:: MATERIAL SUPPLIED ::
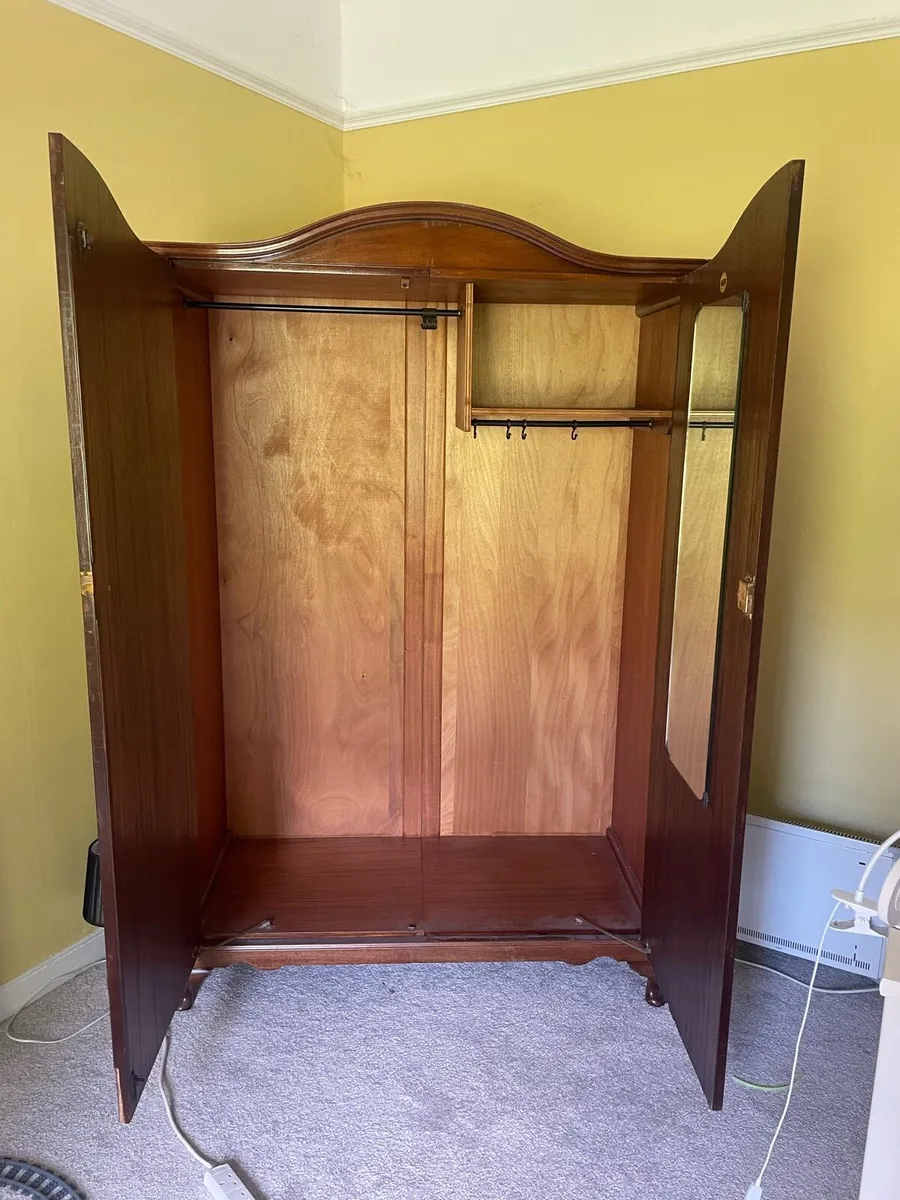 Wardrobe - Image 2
* * *
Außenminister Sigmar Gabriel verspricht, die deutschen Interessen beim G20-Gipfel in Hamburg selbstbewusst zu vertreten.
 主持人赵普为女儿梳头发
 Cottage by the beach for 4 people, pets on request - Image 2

:: WORK ORDER ::
Give back, exactly as written, the stretch from the line with "主持人赵普为女儿梳头发" through the line with "Cottage by the", and no other lines from the records above.

:: EXERCISE RESULT ::
 主持人赵普为女儿梳头发
 Cottage by the beach for 4 people, pets on request - Image 2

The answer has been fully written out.